- **WORK ORDER**: Write out the line that holds "Load image into" together with every line that follows it to the end of the material below, exactly. Omit the pictures.

- **DATA FOR THIS TASK**:
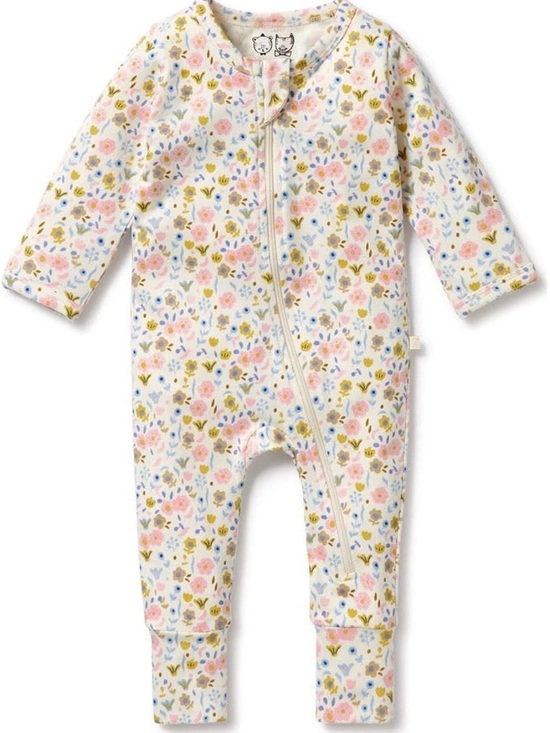 Wilson and frenchy Other - Newborn One-Piece Bodysuit in Ava Floral. Organic cotton Gots Certified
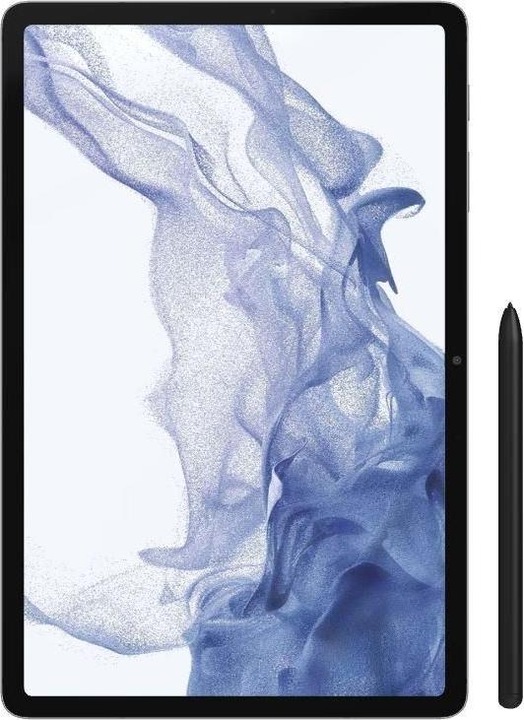 Produktbild Samsung Galaxy Tab S8 (5G, 11", 128 GB, Silver)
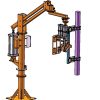 Heavy Loading Manipulator Equipment Rigid Arm Gripper Material Lifting Crane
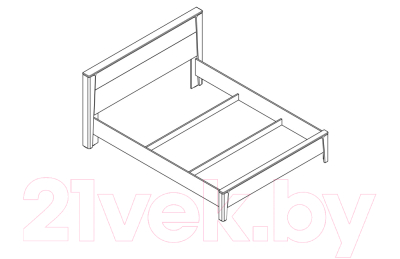 Двуспальная кровать Мебельград Мальта с подъемным ортопедическим основанием 160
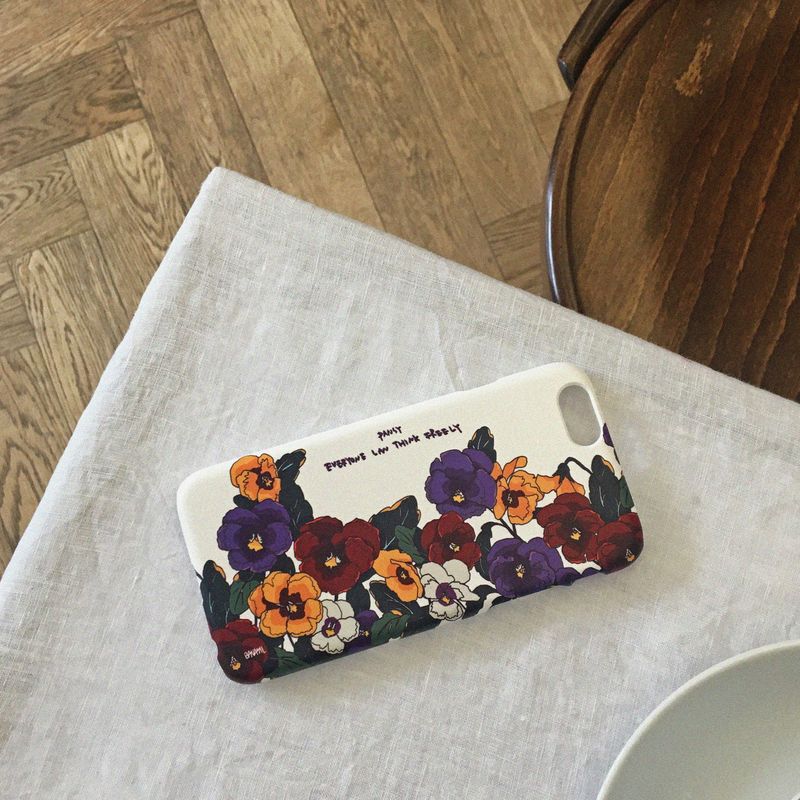 Pansy (Galaxy) Matt Hard Case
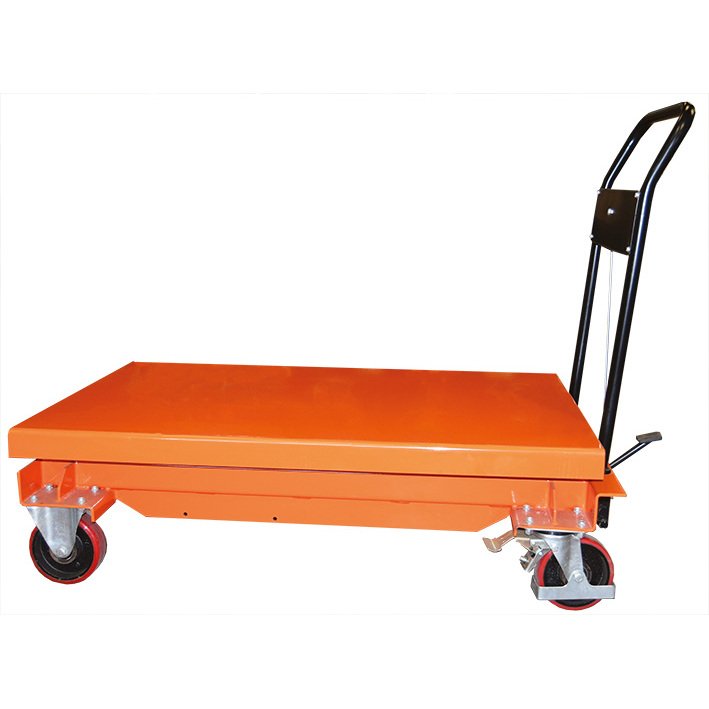 Table élévatrice manuelle grand plateau 500 kg dimensions 1525 x 620 mm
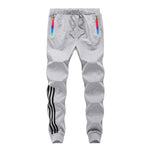 Load image into Gallery viewer, Men Joggers Pants Brand Casual Striped Male Trousers Black Blue Grey Cotton Sweatpants Mens Fitness Workout Pantalon Homme 5XL

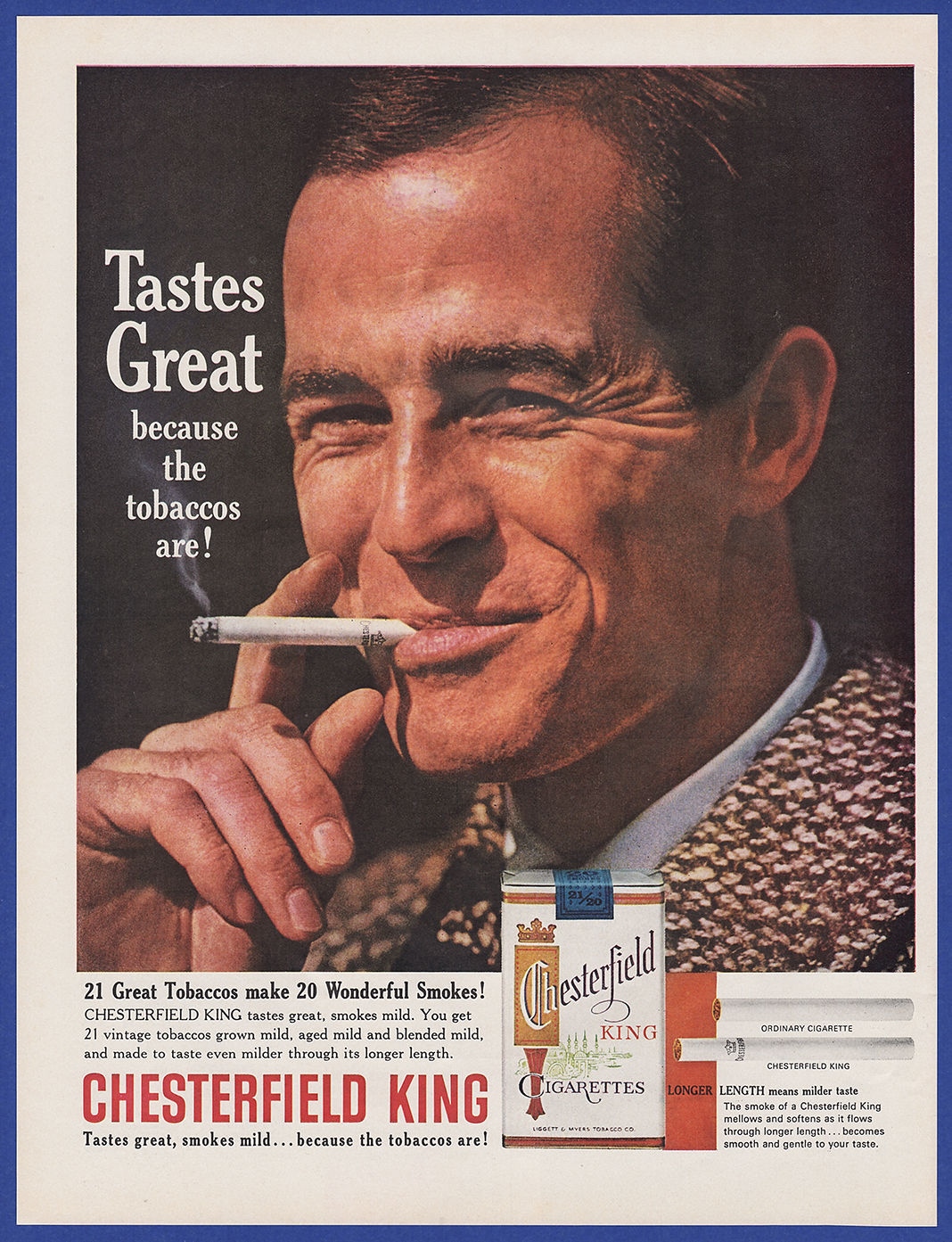 Chesterfield Tastes Great Print Ad 1968 Usa Adland®page 2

- **TASK SOLUTION**:
 Load image into Gallery viewer, Men Joggers Pants Brand Casual Striped Male Trousers Black Blue Grey Cotton Sweatpants Mens Fitness Workout Pantalon Homme 5XL

 Chesterfield Tastes Great Print Ad 1968 Usa Adland®page 2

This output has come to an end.